Stored data Block Start
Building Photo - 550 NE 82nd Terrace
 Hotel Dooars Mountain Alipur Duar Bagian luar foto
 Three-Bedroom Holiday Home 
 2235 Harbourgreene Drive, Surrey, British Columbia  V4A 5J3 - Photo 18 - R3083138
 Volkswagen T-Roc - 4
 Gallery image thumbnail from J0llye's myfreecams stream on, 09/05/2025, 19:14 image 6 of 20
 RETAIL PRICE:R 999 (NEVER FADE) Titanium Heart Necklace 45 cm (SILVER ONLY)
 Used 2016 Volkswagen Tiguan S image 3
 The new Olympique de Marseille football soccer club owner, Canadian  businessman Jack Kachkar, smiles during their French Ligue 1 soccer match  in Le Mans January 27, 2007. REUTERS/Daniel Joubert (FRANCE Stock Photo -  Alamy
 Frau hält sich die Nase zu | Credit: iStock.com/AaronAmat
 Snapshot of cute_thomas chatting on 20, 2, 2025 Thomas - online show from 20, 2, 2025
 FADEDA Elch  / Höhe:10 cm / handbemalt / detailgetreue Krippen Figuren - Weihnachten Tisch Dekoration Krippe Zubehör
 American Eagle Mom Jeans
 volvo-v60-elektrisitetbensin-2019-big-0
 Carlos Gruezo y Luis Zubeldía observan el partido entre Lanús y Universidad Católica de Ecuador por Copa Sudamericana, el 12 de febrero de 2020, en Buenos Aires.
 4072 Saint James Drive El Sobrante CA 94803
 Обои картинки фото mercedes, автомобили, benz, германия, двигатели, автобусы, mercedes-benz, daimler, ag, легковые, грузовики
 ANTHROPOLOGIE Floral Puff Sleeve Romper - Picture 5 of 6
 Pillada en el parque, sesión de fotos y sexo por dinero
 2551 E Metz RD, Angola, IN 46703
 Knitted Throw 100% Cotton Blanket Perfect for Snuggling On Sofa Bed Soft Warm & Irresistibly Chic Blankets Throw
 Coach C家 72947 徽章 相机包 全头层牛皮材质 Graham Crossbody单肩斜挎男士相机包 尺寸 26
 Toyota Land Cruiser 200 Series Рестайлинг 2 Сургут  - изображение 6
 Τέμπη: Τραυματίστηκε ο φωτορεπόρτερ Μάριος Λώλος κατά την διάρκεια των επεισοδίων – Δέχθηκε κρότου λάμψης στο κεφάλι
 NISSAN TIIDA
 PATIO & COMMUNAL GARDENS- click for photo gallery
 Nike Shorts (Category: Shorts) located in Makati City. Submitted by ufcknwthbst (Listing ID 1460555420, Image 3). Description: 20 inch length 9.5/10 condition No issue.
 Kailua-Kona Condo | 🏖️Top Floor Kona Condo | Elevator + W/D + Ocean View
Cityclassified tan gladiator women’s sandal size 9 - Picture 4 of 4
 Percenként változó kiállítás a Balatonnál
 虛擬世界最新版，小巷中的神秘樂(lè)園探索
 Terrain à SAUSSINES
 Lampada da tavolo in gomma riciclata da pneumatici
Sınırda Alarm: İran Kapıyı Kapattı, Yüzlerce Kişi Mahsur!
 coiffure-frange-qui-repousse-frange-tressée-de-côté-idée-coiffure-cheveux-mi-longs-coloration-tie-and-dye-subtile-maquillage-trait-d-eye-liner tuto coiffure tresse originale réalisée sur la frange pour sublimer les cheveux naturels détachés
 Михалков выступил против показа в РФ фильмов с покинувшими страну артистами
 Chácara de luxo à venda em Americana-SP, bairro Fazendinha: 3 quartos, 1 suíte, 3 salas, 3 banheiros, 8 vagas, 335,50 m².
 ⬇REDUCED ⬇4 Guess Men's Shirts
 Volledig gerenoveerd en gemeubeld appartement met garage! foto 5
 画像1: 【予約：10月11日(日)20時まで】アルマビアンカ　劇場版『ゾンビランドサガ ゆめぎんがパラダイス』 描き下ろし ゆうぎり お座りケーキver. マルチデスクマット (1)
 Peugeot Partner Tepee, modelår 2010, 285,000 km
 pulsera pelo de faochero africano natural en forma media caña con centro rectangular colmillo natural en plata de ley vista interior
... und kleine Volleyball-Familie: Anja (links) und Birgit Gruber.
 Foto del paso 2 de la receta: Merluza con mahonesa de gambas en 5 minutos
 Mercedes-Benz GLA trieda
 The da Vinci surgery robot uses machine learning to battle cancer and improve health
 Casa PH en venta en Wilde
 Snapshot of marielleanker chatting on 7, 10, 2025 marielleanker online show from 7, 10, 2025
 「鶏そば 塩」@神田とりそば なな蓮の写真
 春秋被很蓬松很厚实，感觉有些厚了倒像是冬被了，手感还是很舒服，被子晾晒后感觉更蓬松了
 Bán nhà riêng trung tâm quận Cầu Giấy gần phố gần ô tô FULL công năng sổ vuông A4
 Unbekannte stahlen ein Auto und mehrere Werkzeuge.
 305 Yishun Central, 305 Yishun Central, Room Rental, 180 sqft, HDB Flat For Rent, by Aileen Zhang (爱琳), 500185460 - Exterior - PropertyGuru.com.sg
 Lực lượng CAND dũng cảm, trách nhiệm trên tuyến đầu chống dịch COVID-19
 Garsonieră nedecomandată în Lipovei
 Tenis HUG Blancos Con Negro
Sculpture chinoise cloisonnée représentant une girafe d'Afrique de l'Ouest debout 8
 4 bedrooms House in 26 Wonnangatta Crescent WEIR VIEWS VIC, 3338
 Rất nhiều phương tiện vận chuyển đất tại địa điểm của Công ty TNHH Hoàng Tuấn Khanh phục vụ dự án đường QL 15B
Stored data Block End
#### [Task brief]
Your reply should hold all the entries, each repeated without a single change.

#### [Solved problem]
Building Photo - 550 NE 82nd Terrace
 Hotel Dooars Mountain Alipur Duar Bagian luar foto
 Three-Bedroom Holiday Home 
 2235 Harbourgreene Drive, Surrey, British Columbia  V4A 5J3 - Photo 18 - R3083138
 Volkswagen T-Roc - 4
 Gallery image thumbnail from J0llye's myfreecams stream on, 09/05/2025, 19:14 image 6 of 20
 RETAIL PRICE:R 999 (NEVER FADE) Titanium Heart Necklace 45 cm (SILVER ONLY)
 Used 2016 Volkswagen Tiguan S image 3
 The new Olympique de Marseille football soccer club owner, Canadian  businessman Jack Kachkar, smiles during their French Ligue 1 soccer match  in Le Mans January 27, 2007. REUTERS/Daniel Joubert (FRANCE Stock Photo -  Alamy
 Frau hält sich die Nase zu | Credit: iStock.com/AaronAmat
 Snapshot of cute_thomas chatting on 20, 2, 2025 Thomas - online show from 20, 2, 2025
 FADEDA Elch  / Höhe:10 cm / handbemalt / detailgetreue Krippen Figuren - Weihnachten Tisch Dekoration Krippe Zubehör
 American Eagle Mom Jeans
 volvo-v60-elektrisitetbensin-2019-big-0
 Carlos Gruezo y Luis Zubeldía observan el partido entre Lanús y Universidad Católica de Ecuador por Copa Sudamericana, el 12 de febrero de 2020, en Buenos Aires.
 4072 Saint James Drive El Sobrante CA 94803
 Обои картинки фото mercedes, автомобили, benz, германия, двигатели, автобусы, mercedes-benz, daimler, ag, легковые, грузовики
 ANTHROPOLOGIE Floral Puff Sleeve Romper - Picture 5 of 6
 Pillada en el parque, sesión de fotos y sexo por dinero
 2551 E Metz RD, Angola, IN 46703
 Knitted Throw 100% Cotton Blanket Perfect for Snuggling On Sofa Bed Soft Warm & Irresistibly Chic Blankets Throw
 Coach C家 72947 徽章 相机包 全头层牛皮材质 Graham Crossbody单肩斜挎男士相机包 尺寸 26
 Toyota Land Cruiser 200 Series Рестайлинг 2 Сургут  - изображение 6
 Τέμπη: Τραυματίστηκε ο φωτορεπόρτερ Μάριος Λώλος κατά την διάρκεια των επεισοδίων – Δέχθηκε κρότου λάμψης στο κεφάλι
 NISSAN TIIDA
 PATIO & COMMUNAL GARDENS- click for photo gallery
 Nike Shorts (Category: Shorts) located in Makati City. Submitted by ufcknwthbst (Listing ID 1460555420, Image 3). Description: 20 inch length 9.5/10 condition No issue.
 Kailua-Kona Condo | 🏖️Top Floor Kona Condo | Elevator + W/D + Ocean View
Cityclassified tan gladiator women’s sandal size 9 - Picture 4 of 4
 Percenként változó kiállítás a Balatonnál
 虛擬世界最新版，小巷中的神秘樂(lè)園探索
 Terrain à SAUSSINES
 Lampada da tavolo in gomma riciclata da pneumatici
Sınırda Alarm: İran Kapıyı Kapattı, Yüzlerce Kişi Mahsur!
 coiffure-frange-qui-repousse-frange-tressée-de-côté-idée-coiffure-cheveux-mi-longs-coloration-tie-and-dye-subtile-maquillage-trait-d-eye-liner tuto coiffure tresse originale réalisée sur la frange pour sublimer les cheveux naturels détachés
 Михалков выступил против показа в РФ фильмов с покинувшими страну артистами
 Chácara de luxo à venda em Americana-SP, bairro Fazendinha: 3 quartos, 1 suíte, 3 salas, 3 banheiros, 8 vagas, 335,50 m².
 ⬇REDUCED ⬇4 Guess Men's Shirts
 Volledig gerenoveerd en gemeubeld appartement met garage! foto 5
 画像1: 【予約：10月11日(日)20時まで】アルマビアンカ　劇場版『ゾンビランドサガ ゆめぎんがパラダイス』 描き下ろし ゆうぎり お座りケーキver. マルチデスクマット (1)
 Peugeot Partner Tepee, modelår 2010, 285,000 km
 pulsera pelo de faochero africano natural en forma media caña con centro rectangular colmillo natural en plata de ley vista interior
... und kleine Volleyball-Familie: Anja (links) und Birgit Gruber.
 Foto del paso 2 de la receta: Merluza con mahonesa de gambas en 5 minutos
 Mercedes-Benz GLA trieda
 The da Vinci surgery robot uses machine learning to battle cancer and improve health
 Casa PH en venta en Wilde
 Snapshot of marielleanker chatting on 7, 10, 2025 marielleanker online show from 7, 10, 2025
 「鶏そば 塩」@神田とりそば なな蓮の写真
 春秋被很蓬松很厚实，感觉有些厚了倒像是冬被了，手感还是很舒服，被子晾晒后感觉更蓬松了
 Bán nhà riêng trung tâm quận Cầu Giấy gần phố gần ô tô FULL công năng sổ vuông A4
 Unbekannte stahlen ein Auto und mehrere Werkzeuge.
 305 Yishun Central, 305 Yishun Central, Room Rental, 180 sqft, HDB Flat For Rent, by Aileen Zhang (爱琳), 500185460 - Exterior - PropertyGuru.com.sg
 Lực lượng CAND dũng cảm, trách nhiệm trên tuyến đầu chống dịch COVID-19
 Garsonieră nedecomandată în Lipovei
 Tenis HUG Blancos Con Negro
Sculpture chinoise cloisonnée représentant une girafe d'Afrique de l'Ouest debout 8
 4 bedrooms House in 26 Wonnangatta Crescent WEIR VIEWS VIC, 3338
 Rất nhiều phương tiện vận chuyển đất tại địa điểm của Công ty TNHH Hoàng Tuấn Khanh phục vụ dự án đường QL 15B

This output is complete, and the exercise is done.